In April 1930 he took as partner the American Bernard Steele (1902–1979), and Denoël et Steele became one of the best-known younger houses of the decade; its "Bibliothèque psychanalytique" series carried the first French Freud, including Malaise dans la civilisation (1934). Céline's Voyage au bout de la nuit appeared in 1932; it lost the Prix Goncourt to Guy Mazeline's Les Loups but took the Prix Renaudot and sold about 112,000 copies. Céline followed it with Mort à crédit (1936) and the antisemitic Bagatelles pour un massacre (1937); Steele left for the United States in 1937 and sold his shares the next year.

Louis-Ferdinand Céline, photographed about 1936 by Henri Manuel

== Occupation ==

The firm was sealed when the Germans took Paris in June 1940, and 29 of its titles were listed on the Liste Otto of banned books, but Denoël was working again by October. He then ran a subsidiary, the Nouvelles Éditions françaises, which published books imposed or approved by the occupier, among them the antisemitic series "Les Juifs en France" and Céline's Les Beaux Draps; his reprints included Lucien Rebatet's Les Décombres (1942), the best-selling book of the occupation.

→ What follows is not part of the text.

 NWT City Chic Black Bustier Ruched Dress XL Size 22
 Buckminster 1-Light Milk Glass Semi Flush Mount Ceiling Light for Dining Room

What exposed him afterwards was money: a two-million-franc loan from the Berlin publisher Wilhelm Andermann had cost him 49 per cent of his publishing assets, and the inquiry into his firm ended in a non-lieu. In 1944 he started the Éditions de la Tour, which published Elsa Triolet's Goncourt-winning Le premier accroc coûte deux cents francs on Aragon's advice.

== Murder ==

Denoël was shot on the evening of 2 December 1945 beside his car at the corner of the boulevard des Invalides and the rue de Grenelle, where he had been about to change a wheel. He was shot once, from a distance, and there were no signs of a struggle; the police concluded that he had refused a demand at the car and run shouting "Au voleur" before he was shot.

He had been due before the publishers' purge commission on 17 December, and the dossier he had prepared on the wartime conduct of other Paris publishers was never found. The inquiry lasted five years without charges. The house passed to Loviton; Cécile Denoël's suit to annul the sale turned on a transfer dated 25 October 1945 and 757,500 francs said to have been paid two days before the murder but registered only afterwards, and the courts upheld it. Denoël was buried on 11 December 1945; few publishers came.

== Legacy ==

Denoël was spoken of with Bernard Grasset and Gaston Gallimard among the publishers of his generation; the historian Jean-Yves Mollier has called his murder the "number one enigma of the twentieth century", and Staman's book was filmed for French television in 2011 as Les Livres qui tuent. His house survived as an imprint of Gallimard, known for the science-fiction series Présence du futur and for L'Infini, the review Philippe Sollers founded there in 1983.